### SOURCE MATERIAL

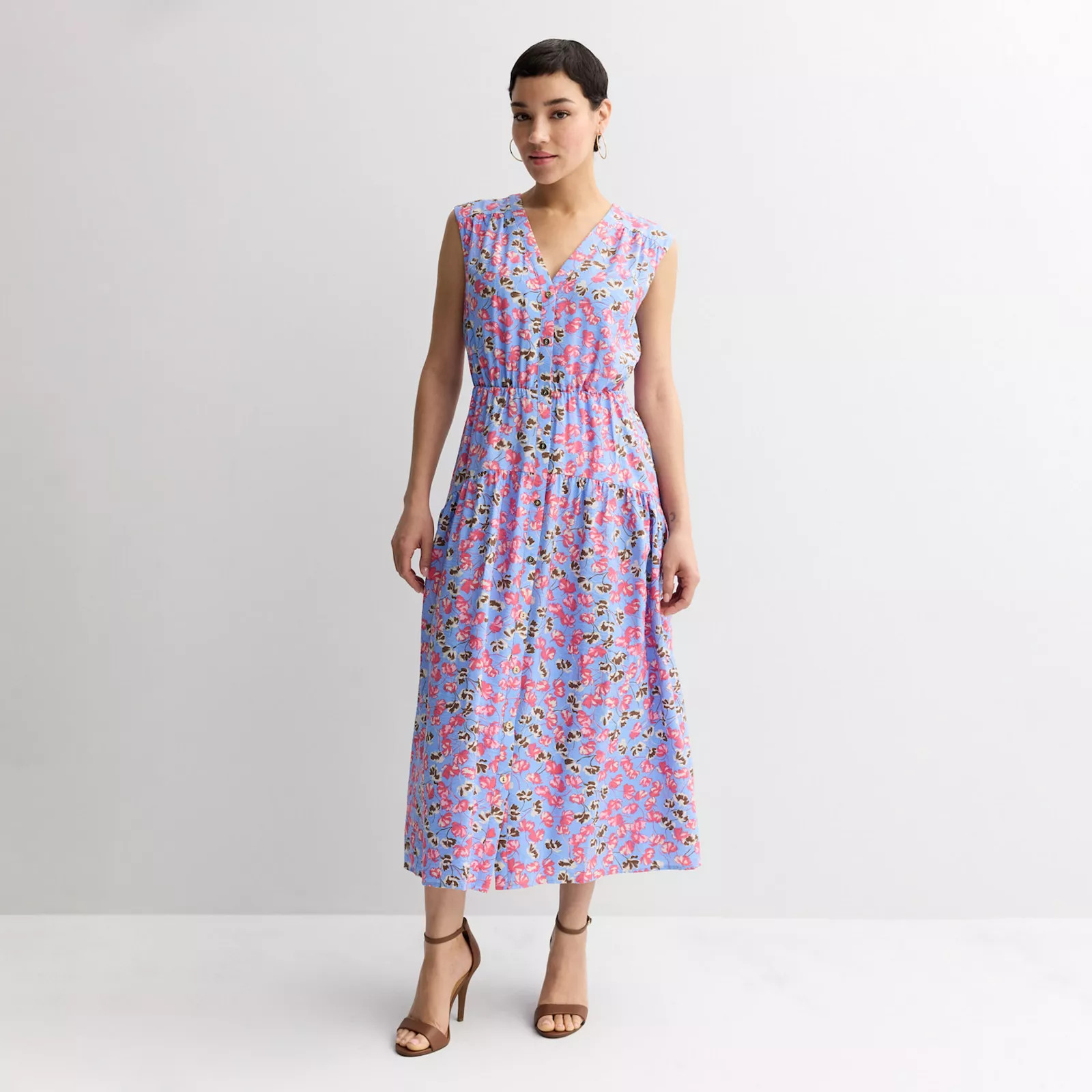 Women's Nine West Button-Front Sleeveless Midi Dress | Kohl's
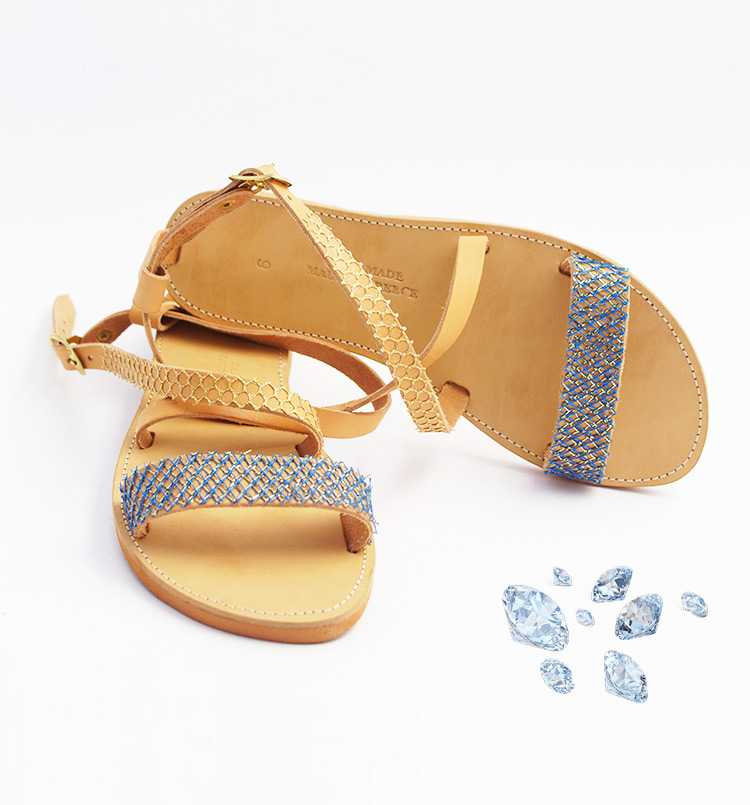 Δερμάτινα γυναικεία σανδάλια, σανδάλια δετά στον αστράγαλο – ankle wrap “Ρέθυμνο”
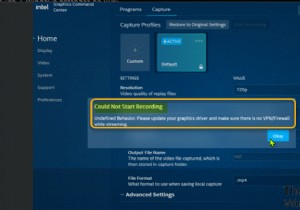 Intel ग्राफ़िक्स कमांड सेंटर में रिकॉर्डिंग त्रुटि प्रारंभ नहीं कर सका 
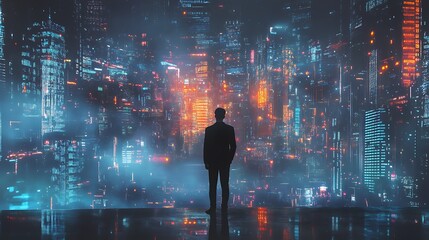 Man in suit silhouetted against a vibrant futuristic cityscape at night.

### WORK INSTRUCTIONS
In full and without error, repeat the listing above, omitting its images.

### SOLUTION TO THE EXERCISE
 Women's Nine West Button-Front Sleeveless Midi Dress | Kohl's
 Δερμάτινα γυναικεία σανδάλια, σανδάλια δετά στον αστράγαλο – ankle wrap “Ρέθυμνο”
 Intel ग्राफ़िक्स कमांड सेंटर में रिकॉर्डिंग त्रुटि प्रारंभ नहीं कर सका 
 Man in suit silhouetted against a vibrant futuristic cityscape at night.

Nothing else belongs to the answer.